Temperature, heart rate, blood pressure. Doctors take these measurements easily. But gauging aches and twinges isn’t so simple. Yet pain—both type and magnitude—is an important indicator of health. So doctors are seeking new ways to analyze pain.
Imagine a world with no headaches, cancer, or broken bones. God promises to end all pain someday, (Revelation 21:4) but on this Earth, humans will always have discomfort. In fact, the National Institutes of Health (NIH) estimates 25 million people in the United States experience daily pain.
The inability to accurately measure that pain causes problems. Doctors must guess at babies’ hurts by observing shrieks and squirms. Adult patients resort to 10-point scales or smiling-or-frowny-face charts to describe their pain. But one person’s number seven pain might be a four to someone who is more pain-tolerant.
Some researchers have found changes in brain activity—where different areas “light up”—that signal certain types of pain. Other doctors use scalp electrodes to measure pain through brain waves.
Dr. Julia Finkel is a children’s pain medicine specialist. Once, when treating a newborn, she wondered how to measure whether a certain medicine was giving the baby relief. After all, she says, “If we can’t measure pain, we can’t fix it.”

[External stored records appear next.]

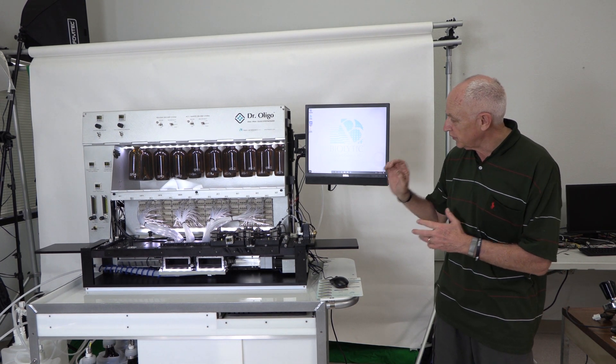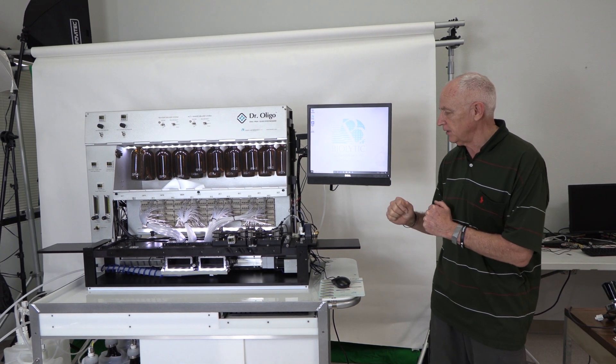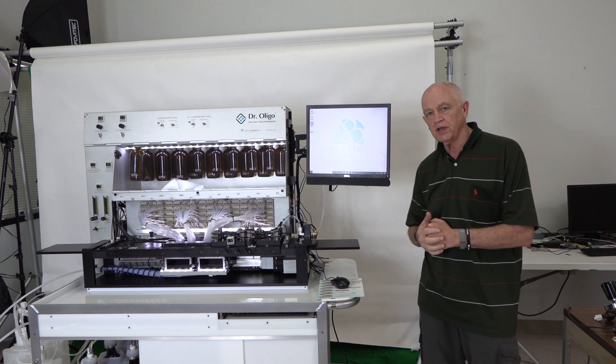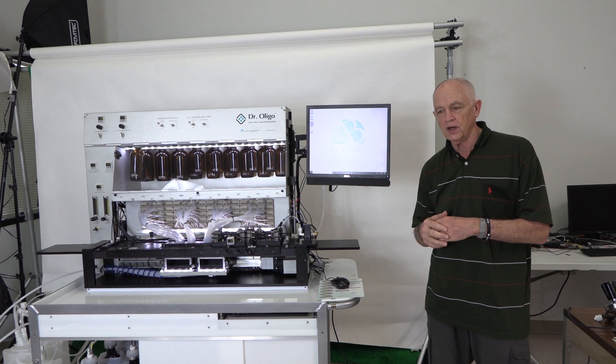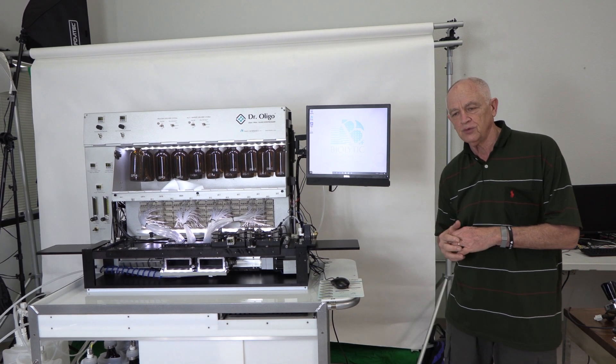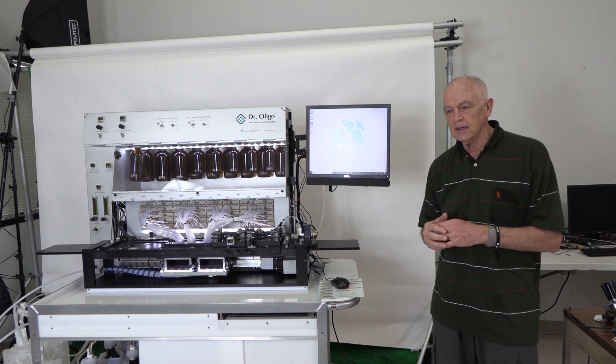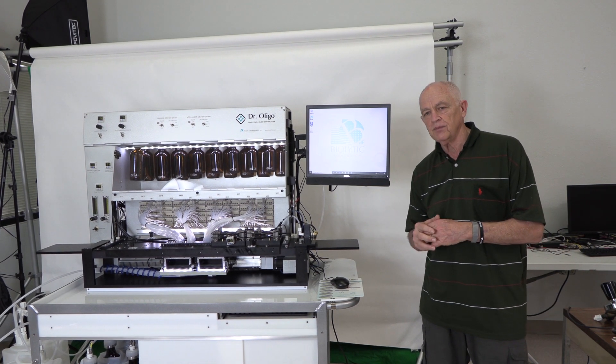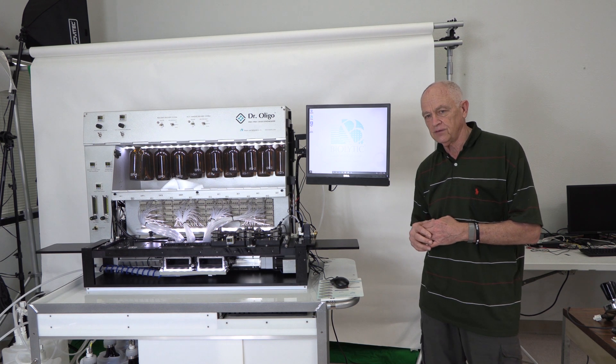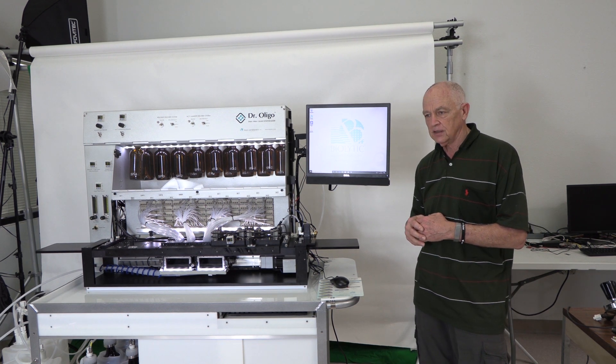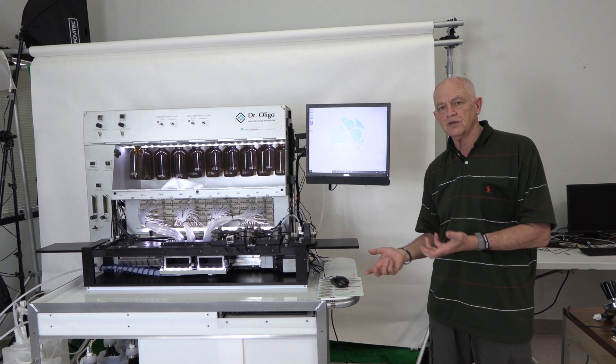So this can synthesize in one or two plates. It can synthesize anywhere from one oligo up to the maximum that the particular model is that one has purchased.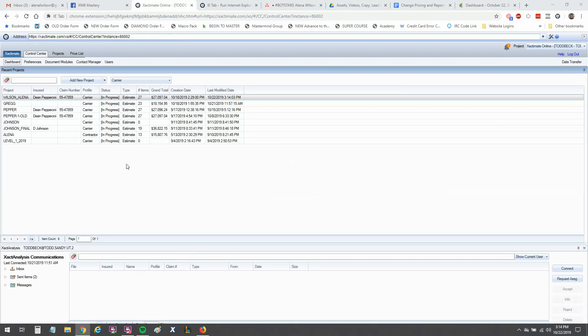This is the online version of Xactimate that I'm referencing. It looks like version 28, but everybody has access to what looks like online 28. So that's what we're excited to see if this plugin will work.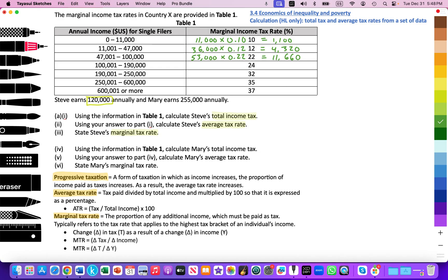Third bracket — $100,000 minus $47,000 = $53,000 × 0.22 = $11,660. For the fourth bracket, Steve earns $120,000 and the bracket runs from $100,000 to $190,000, so he has $20,000 in that bracket: $20,000 × 0.24 = $4,800. We can verify: $11,000 + $36,000 + $53,000 + $20,000 = $120,000. ✓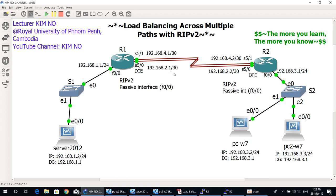Hello everyone and welcome to GUMNO YouTube channel. Today's topic is load balancing across multiple paths with RIP version 2. We will configure load balancing on the Serial 5.0 and Serial 5.1 interfaces of the O1 and O2 routers, as shown in the network diagram.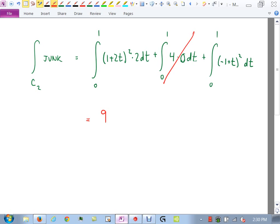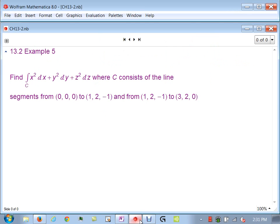We're still in section 13.2 and will continue there next class, probably starting 13.3 on Wednesday. Up to this point we've been integrating scalar functions — f(x,y) or f(x,y,z) — with respect to arc length, x, y, or z. Now we finally bring in the vector fields we barely touched on in 13.1.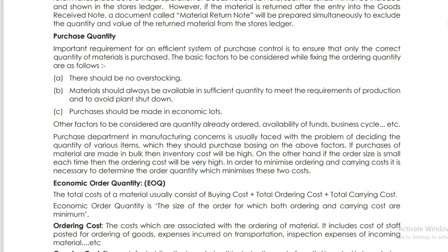In this class, we will discuss the Economic Order Quantity. We will discuss the purchase of materials. There are three basic factors to consider.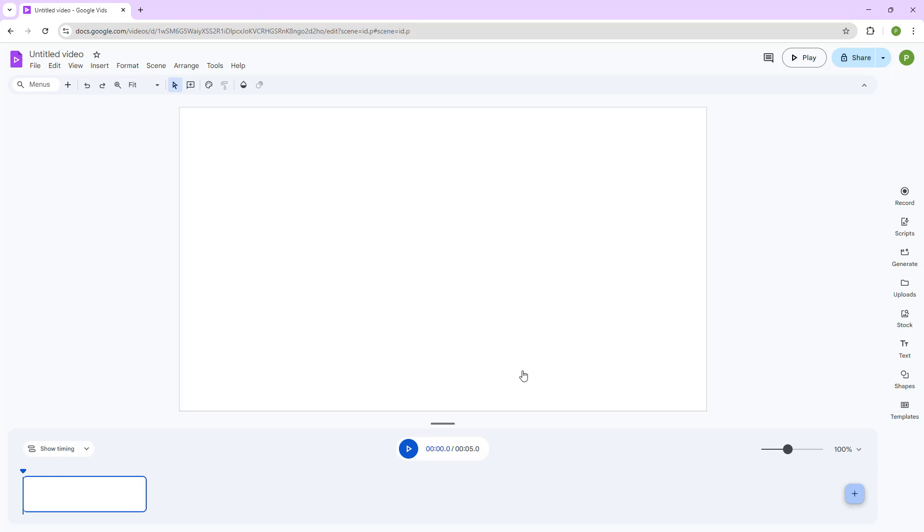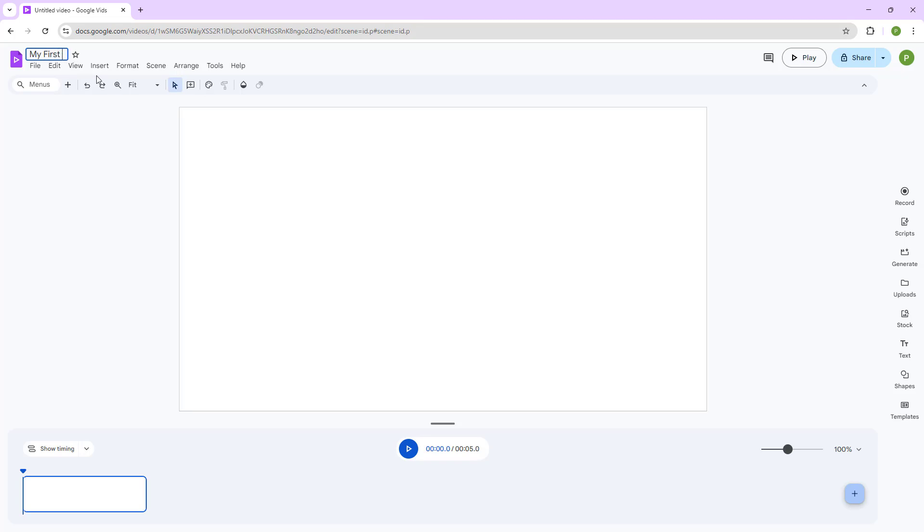Once you do that, this is what you have. If you want to save your Google video project, all you need to do is rename your project right here on the top. I'm going to name this my first project, just like this, and then click outside. And this is what you have.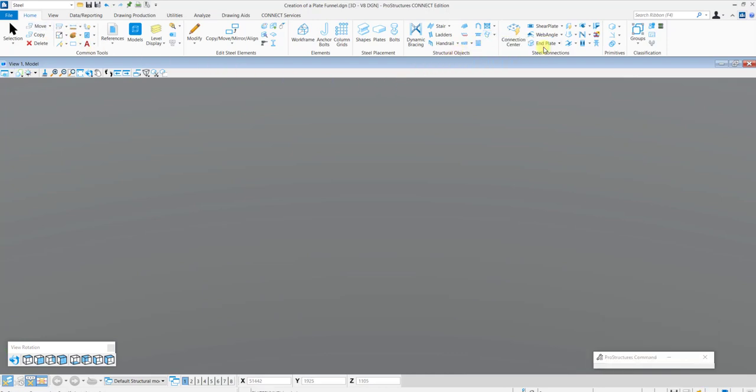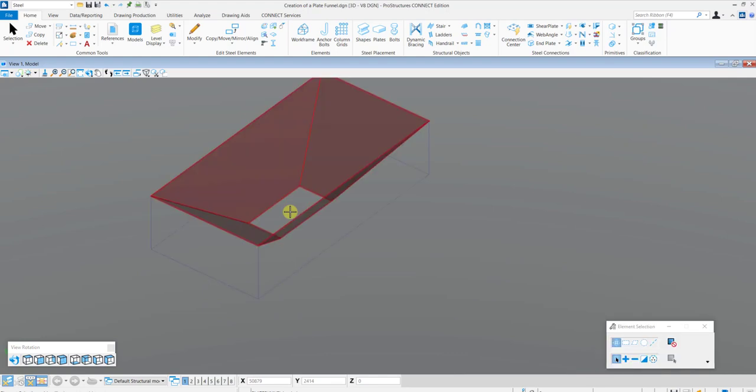Then you need to define an insertion point for the Plate Funnel. After this, the funnel gets created and the Plate Funnel dialog box is opened.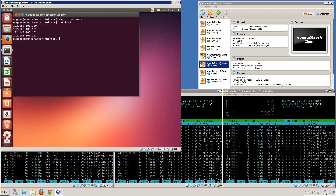This concludes the installation, configuration, and setup of MPICH2. In the next video I'll show you how to code the hello world program and test that all processes are running correctly and talking to one another. I hope you liked this video and learned something from it — please like, comment, and subscribe to my channel. Thanks and bye.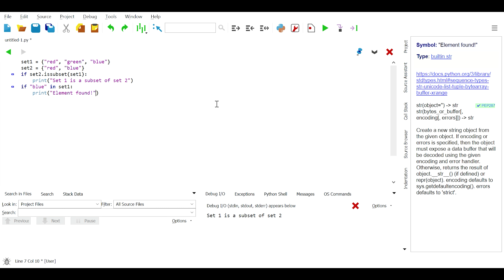We can also check the equality or inequality of sets using equivalency operators. For example: if set1 == set2: print('these sets are the same') else: print('these sets are different').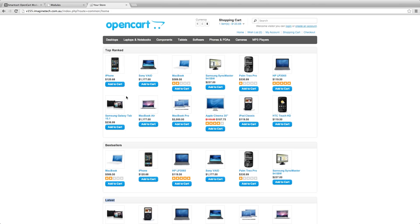SmartCart takes into account five attributes of a product and calculates the score, heavily weighted towards a product's conversion rate but still taking into account four other attributes. It's a smarter way to display products at your store.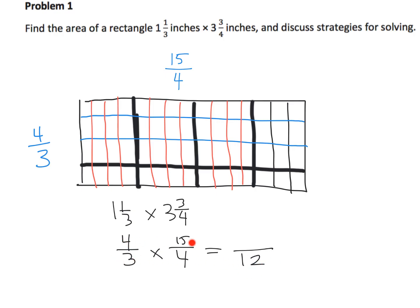Why does four times fifteen, which equals sixty, make sense? It makes sense because we have four little units going up and down and fifteen little units going left and right. So four times fifteen gives us sixty little units throughout the whole thing. Twelve little units equals one whole.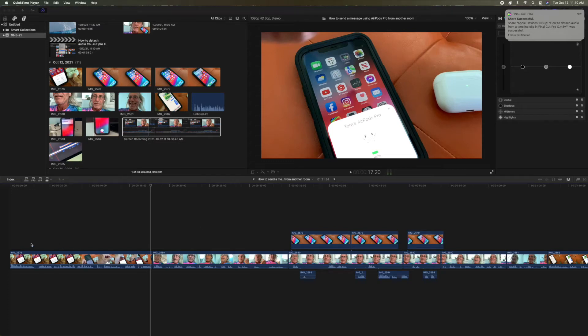Alright, in this video I'm going to show you how to use Command Z on your keyboard to undo any kind of mistakes.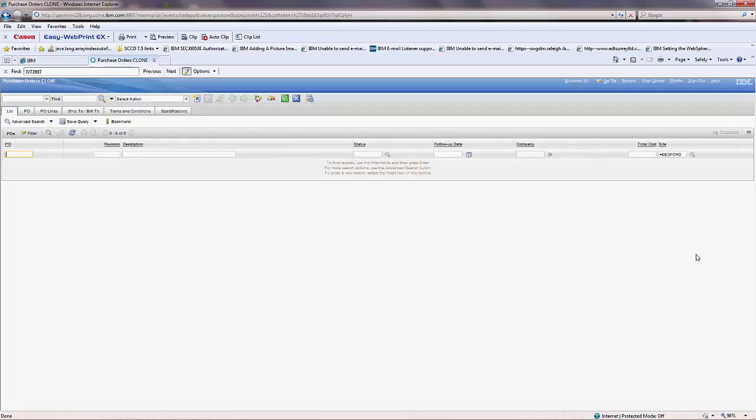This is an example of how to duplicate an application in Maximo using Application Designer. Thank you.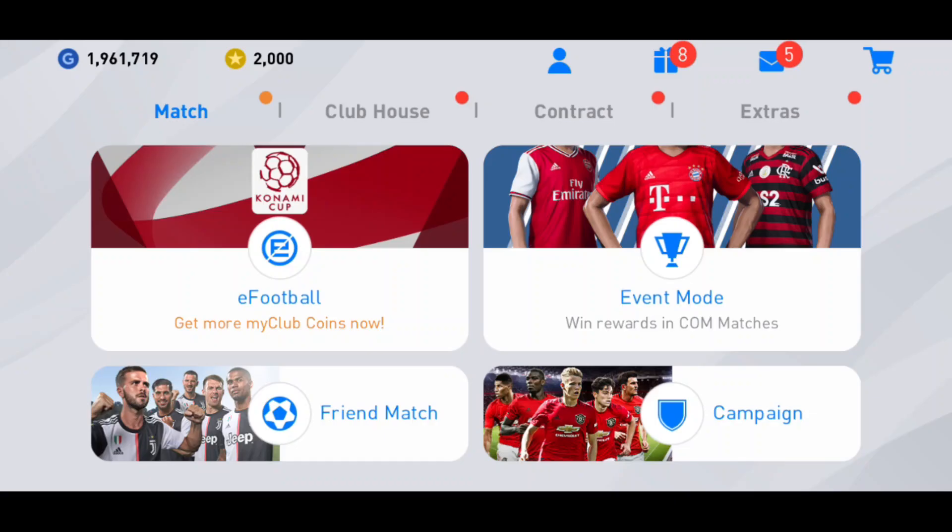Hi guys, hope you're doing fine. In this video I'm going to show you how you can actually play all the sim campaign and tour matches automatically, even if you are busy or working.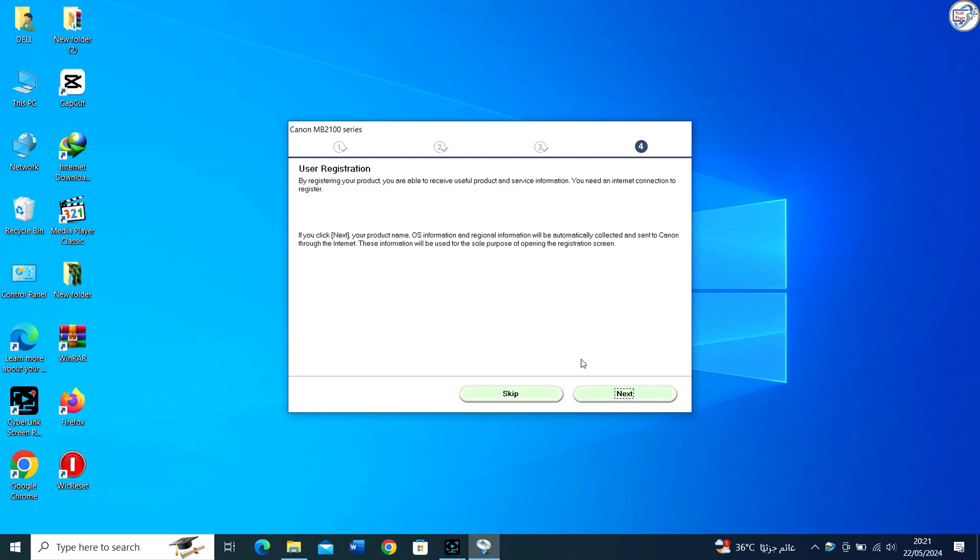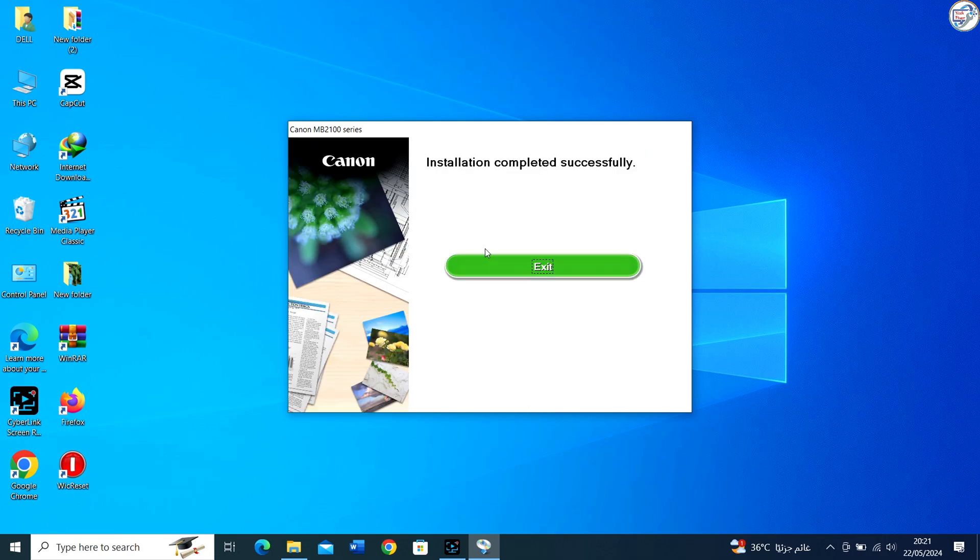You can now use your Canon Maxify MB2140 printer on your Windows computer.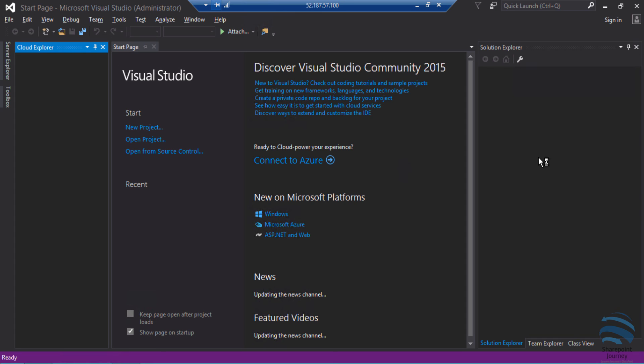The action item for you is open the Azure subscription that you have created in the previous video and go ahead and create a virtual machine within Azure using Visual Studio Community 2015 template.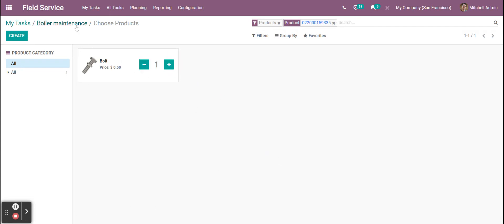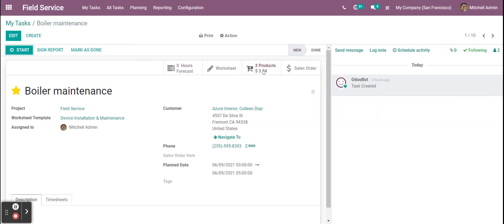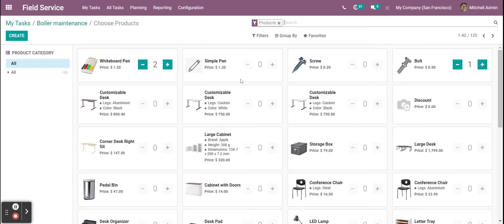And when I go back to my boiler tasks it adds in the additional products. So I had a few products in there already selected so I had a couple whiteboard pens and now I have my bolt.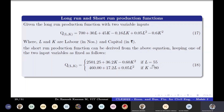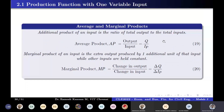This leads to the one-variable input production function. First, we examine average product and marginal product. Average product (AP) is total output divided by total input: AP = Q/IP. This is analogous to an efficiency or average calculation.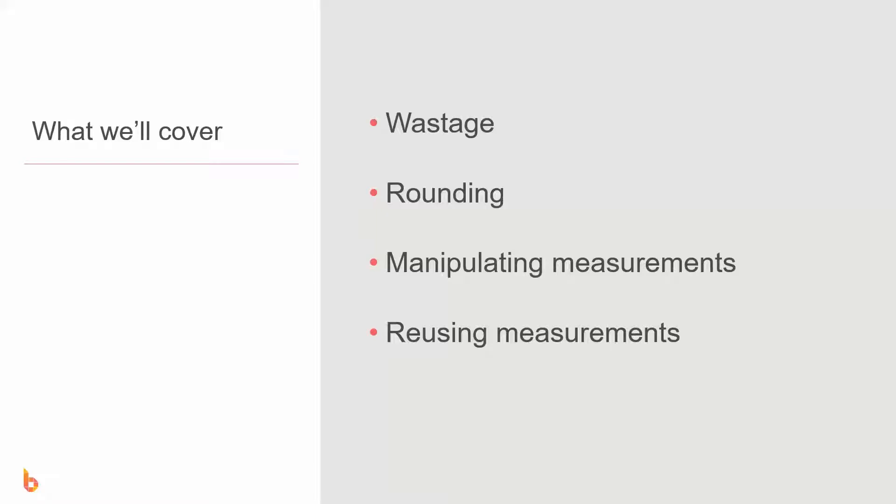This video is going to cover wastage and making sure you've got that included, rounding of numbers, manipulating measurements that you've done already, and reusing measurements for multiple lines within your costing screen.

Suddenly, Finkel “realized the answer was staring right back at her”: The baby’s pupils would respond involuntarily (without control) to pain and to medicine. That’s because some nerves transmit pain signals to the brain along the same pathways that make pupils bigger or smaller.
From that experience, Finkel developed a handheld eye-tracking device. The tool measures pain by looking at a patient’s pupils. It helps determine the proper medicine and then monitors how it is working.
Doctors now use Finkel’s breakthrough device on 17-year-old Sarah Taylor. For years, Sarah struggled to make doctors understand her pain—first the swollen, aching joints of juvenile arthritis and then the body-wide pain of fibromyalgia.
“It’s really hard when people can’t see how much pain you’re in, because they have to take your word on it and sometimes, they don’t quite believe you,” Sarah says. Now scientists analyze Sarah’s eyes when she’s hurting. They track how her pupils react to different drugs and treatments.
The NIH wants further pain research. Scientists may never learn how to completely eliminate pain. But Dr. Finkel’s device and other pain measurements are big steps toward finally “seeing” the ouch so they can better treat it.